こんにちは、皆さん。

勝海舟の生涯から自分軸を持ち他人に影響されない生き方の大切さをお伝えする歴史大好き社労士の山路 貞善です。いつもお読みいただきありがとうございます。

 

2月に入りました。

前回の投稿から少し間隔が空いてしまいました。1月中頃に日本営業大学第3期が開校しその間、私も2回の講義(『ワーキング・ルール論』という講座を担当しています)があり、その準備も含め作業に専念していたためです。悪しからずご了承ください。

 

 

【 勝・西郷会談 その2 】

 

さて前回の続きです。

西郷は勝から、今の幕府には国の将来について深く考え、責任を持って対処しようとする人材がいないこと、もはや政治を担当するだけの能力を失ってしまっていることを聞かされました。

思いもかけない勝の言葉に西郷は、そこまで幕府の屋台骨は腐っているのかと落胆するしかありませんでした。

 

ふと西郷は大坂に出張してきている老中阿部正外のことを思い出し、

「勝先生、今在坂しておられる老中の阿部様とは、いかなる人物なのでしょうか」と阿部老中の人物について勝に尋ねました。

するとそれまで苦虫を嚙み潰したような顔をしていた勝の表情が一変しました。急に明るい顔になり、阿部老中のことを褒め始めました。

「阿部侯、そう阿部豊後守。西郷さん、あの人は人物ですよ。そうだあなた、あの人とぜひ会ってみるといい」

と勝は西郷に阿部正外に会うことを勧めました。

 

先ほどまで幕府はもうダメだと言い切った勝が、意外にも阿部老中のことだけはひどく褒めたのです。

勝は、翌日書いた越前藩主松平茂昭への返書の中で、阿部について「同人は其の覚悟も宜敷(よろしく)」と幕府内でも珍しく語り合うことができる人物だと書き送っています。そのため越前藩は後日、阿部正外と会談を持つことになります。

 

 

この日、西郷には勝にどうしても尋ねなければならないことがありました。勝に会いに来た最大の理由はそのことにありました。

それは外国艦隊が摂海(大阪湾)に進出してきたときの対策をどうするかという問題でした。前月、四国艦隊が下関で長州藩の砲台をわずか3日間で壊滅させたことは大きな衝撃となって伝わっていました。そのため次に外国艦隊がやって来るとすれば摂海に違いなく、防備対策を講じることは一刻を争う課題と考えられていたのです。

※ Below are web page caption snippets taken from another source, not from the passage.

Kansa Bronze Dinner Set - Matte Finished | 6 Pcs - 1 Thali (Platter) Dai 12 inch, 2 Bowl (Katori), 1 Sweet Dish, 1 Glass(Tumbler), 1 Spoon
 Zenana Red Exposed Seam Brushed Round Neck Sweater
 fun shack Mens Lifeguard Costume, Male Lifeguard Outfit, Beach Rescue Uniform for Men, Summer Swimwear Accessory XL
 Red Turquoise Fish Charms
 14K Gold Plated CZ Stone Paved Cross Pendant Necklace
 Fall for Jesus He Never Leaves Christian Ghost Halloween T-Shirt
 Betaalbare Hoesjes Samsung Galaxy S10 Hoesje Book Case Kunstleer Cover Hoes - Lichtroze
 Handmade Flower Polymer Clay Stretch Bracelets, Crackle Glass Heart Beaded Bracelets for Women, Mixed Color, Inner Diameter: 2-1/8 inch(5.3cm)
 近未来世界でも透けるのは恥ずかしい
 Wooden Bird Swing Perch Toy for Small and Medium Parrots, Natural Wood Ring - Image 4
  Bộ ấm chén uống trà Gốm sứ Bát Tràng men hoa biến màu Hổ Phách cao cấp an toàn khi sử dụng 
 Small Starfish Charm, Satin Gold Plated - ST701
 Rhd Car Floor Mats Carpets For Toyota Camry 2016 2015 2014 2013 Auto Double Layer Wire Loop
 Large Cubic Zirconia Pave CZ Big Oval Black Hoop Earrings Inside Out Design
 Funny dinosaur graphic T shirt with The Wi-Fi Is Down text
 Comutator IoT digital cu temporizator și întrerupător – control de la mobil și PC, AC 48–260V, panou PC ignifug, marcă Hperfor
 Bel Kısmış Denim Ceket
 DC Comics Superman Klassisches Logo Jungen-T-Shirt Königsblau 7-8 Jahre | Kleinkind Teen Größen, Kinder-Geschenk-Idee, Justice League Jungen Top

条約が締結されて以来、大坂・兵庫の開市開港問題は一向に進展しないまま時間が経過するだけであったため大きな問題となっていました。

 

幕府はこの問題に頭を痛めていました。大坂・兵庫を開市開港すれば近隣の京都への影響は必至です。外国人を忌み嫌う朝廷が激しく反発することは火を見るより明らかだからです。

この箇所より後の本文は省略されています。